### EXERCISE
In the material below, find the line with "4 bedroom villa with pool, Paros, sleeps 8" and the line with "20 Chapel St, Longwood". Output exactly those two lines and all lines between them, leaving out pictures.
─── SOURCE MATERIAL ───
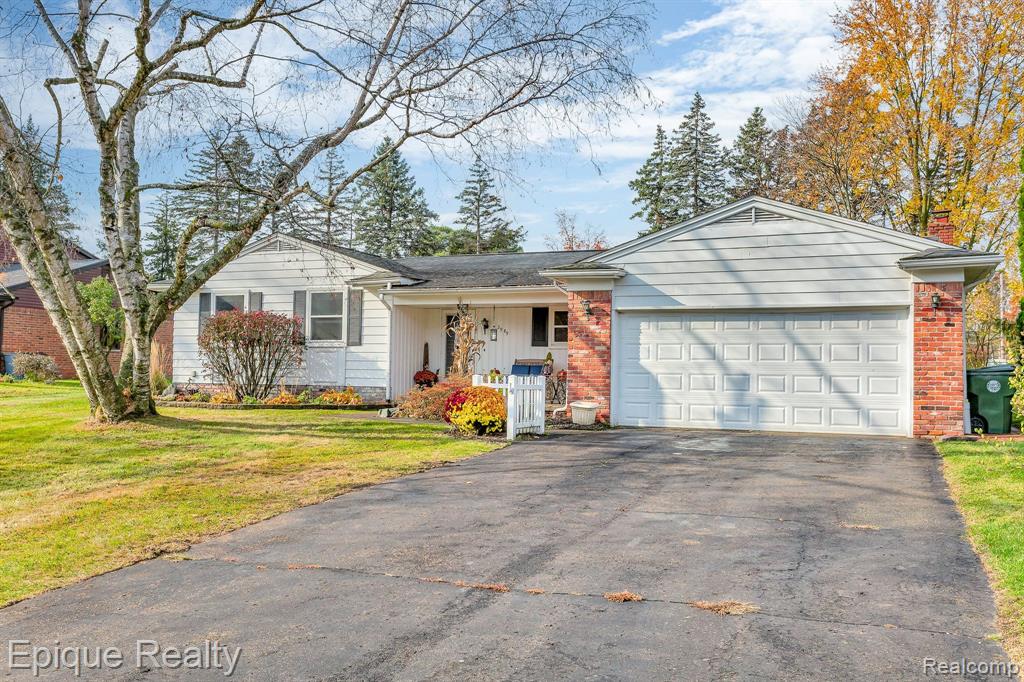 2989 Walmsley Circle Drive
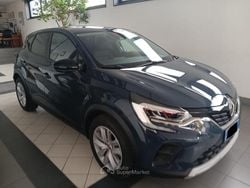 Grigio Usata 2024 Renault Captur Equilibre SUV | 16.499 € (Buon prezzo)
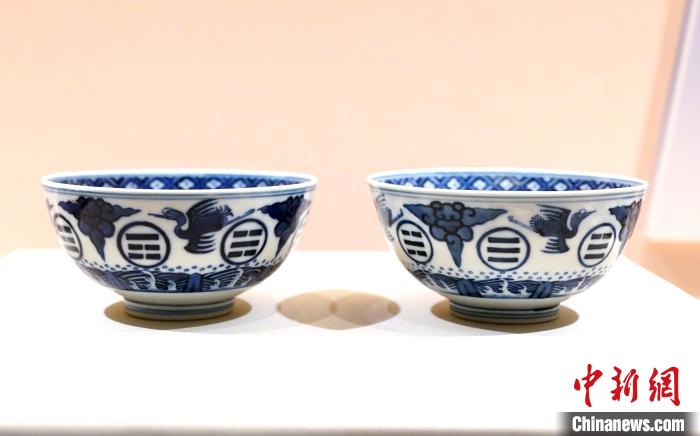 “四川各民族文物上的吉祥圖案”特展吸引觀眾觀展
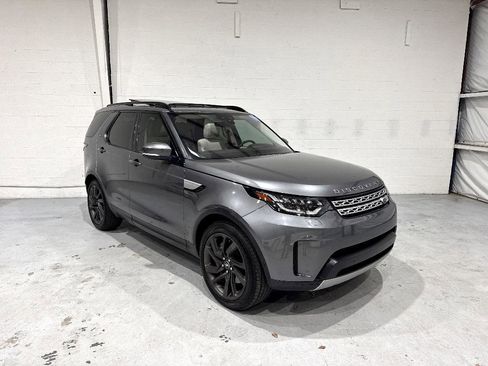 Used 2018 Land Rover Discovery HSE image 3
───
─── SOURCE MATERIAL ───
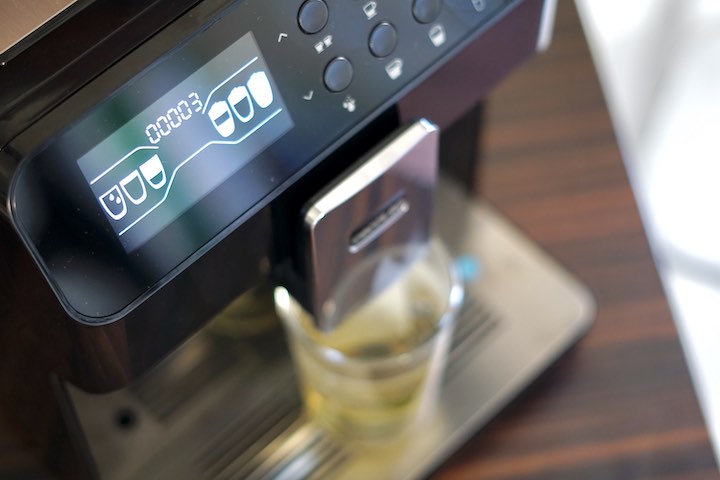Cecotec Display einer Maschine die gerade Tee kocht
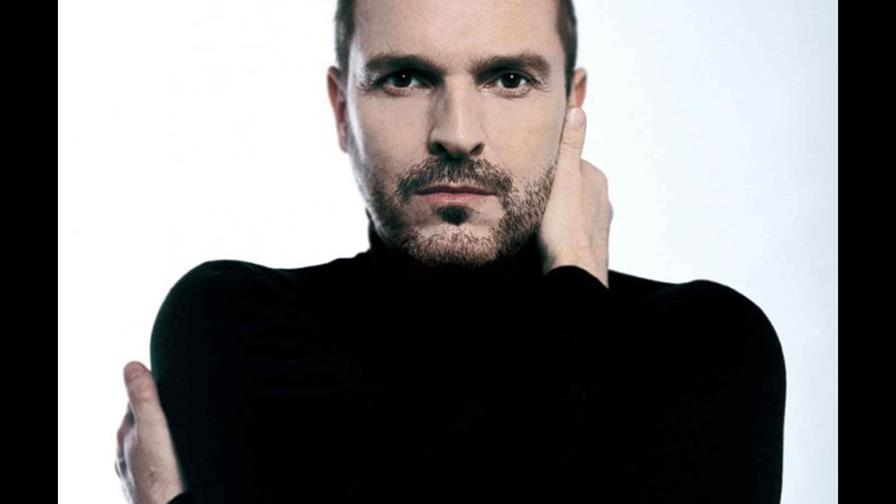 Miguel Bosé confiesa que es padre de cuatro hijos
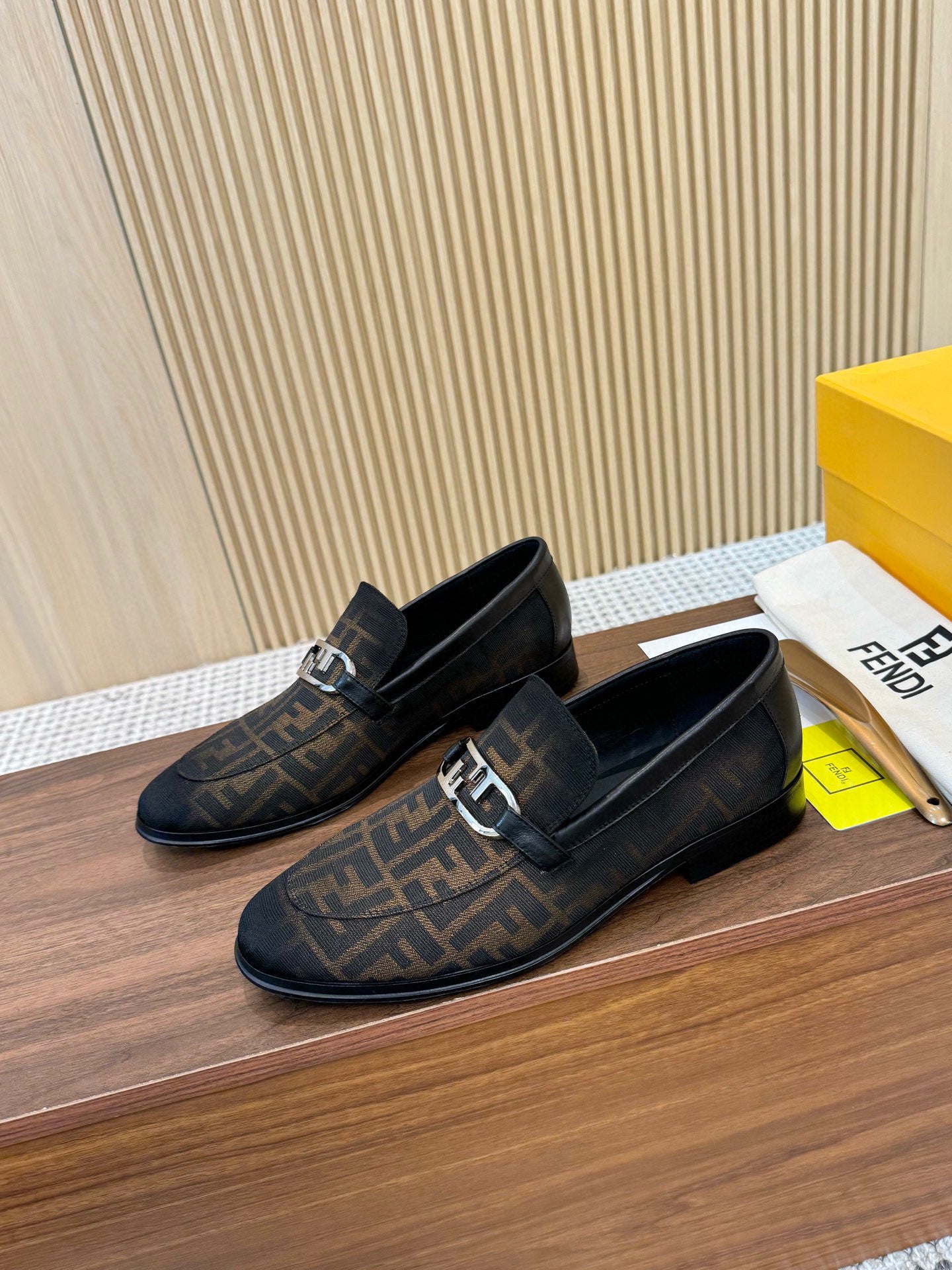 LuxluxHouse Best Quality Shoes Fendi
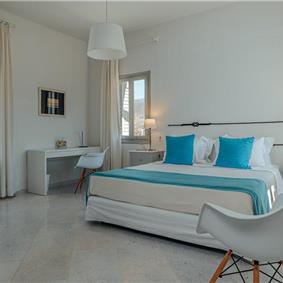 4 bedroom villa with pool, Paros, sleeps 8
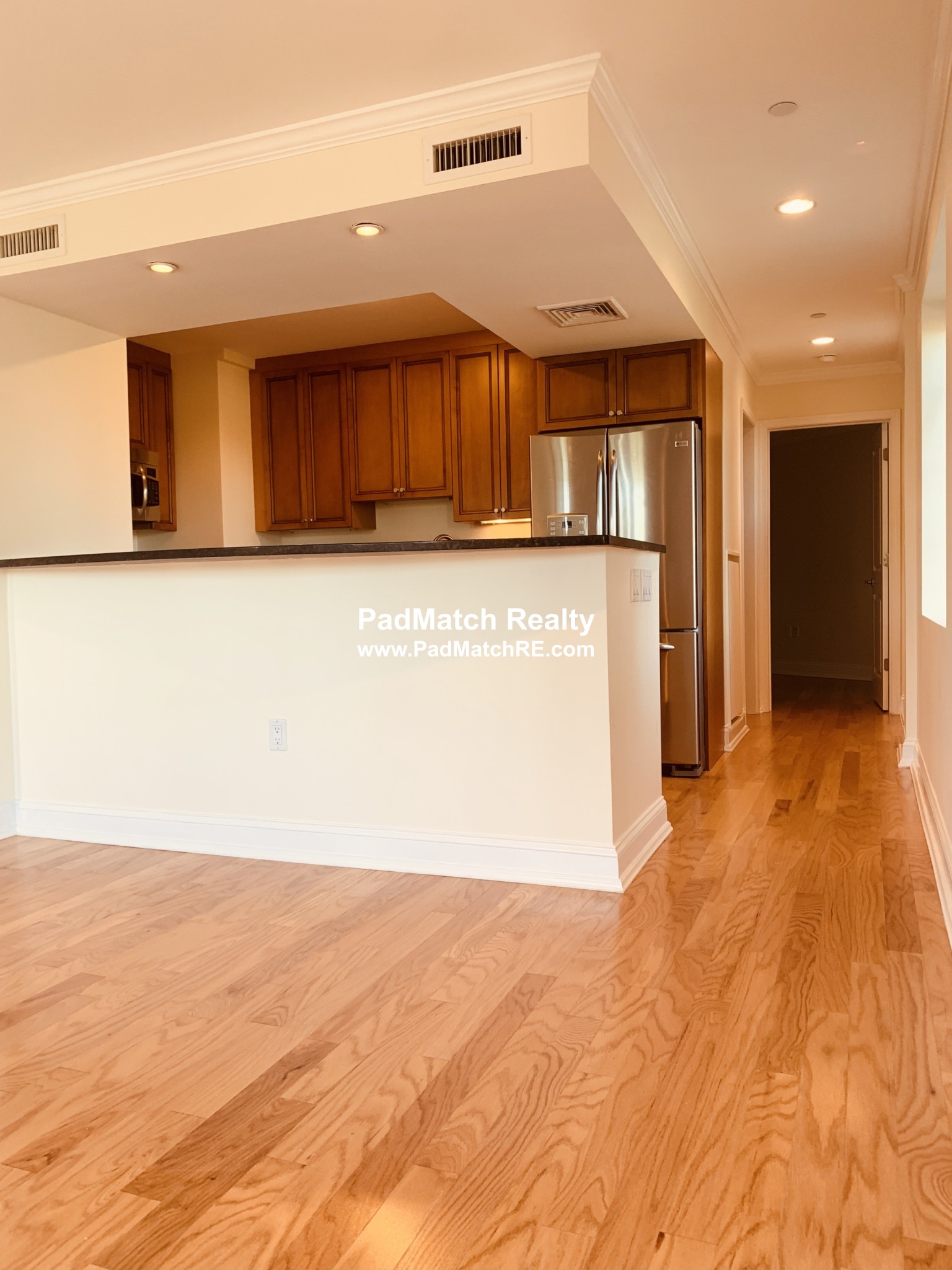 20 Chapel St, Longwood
───
─── SOURCE MATERIAL ───
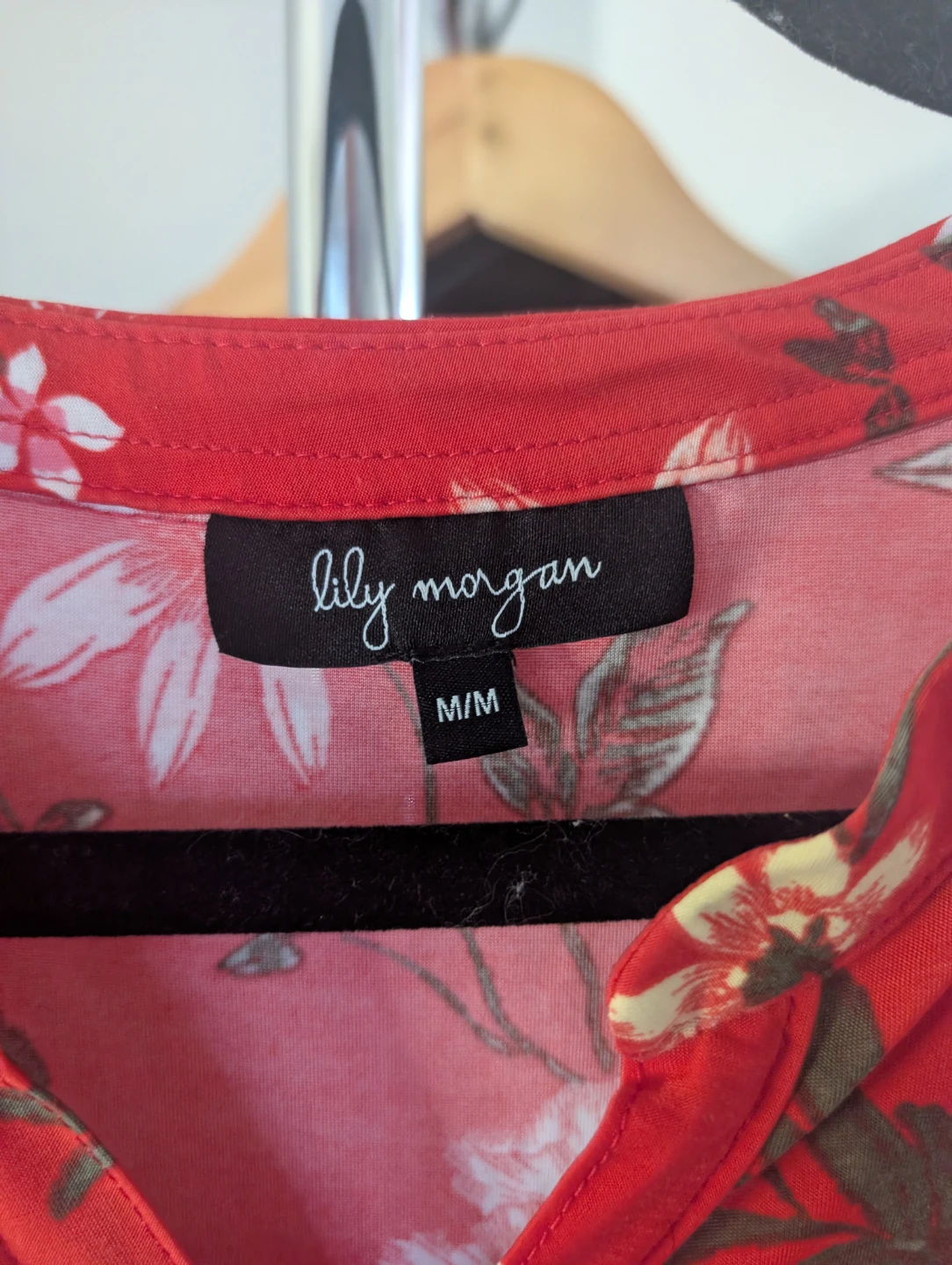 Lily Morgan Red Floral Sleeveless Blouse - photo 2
───
### RESPONSE BELOW
 4 bedroom villa with pool, Paros, sleeps 8
 20 Chapel St, Longwood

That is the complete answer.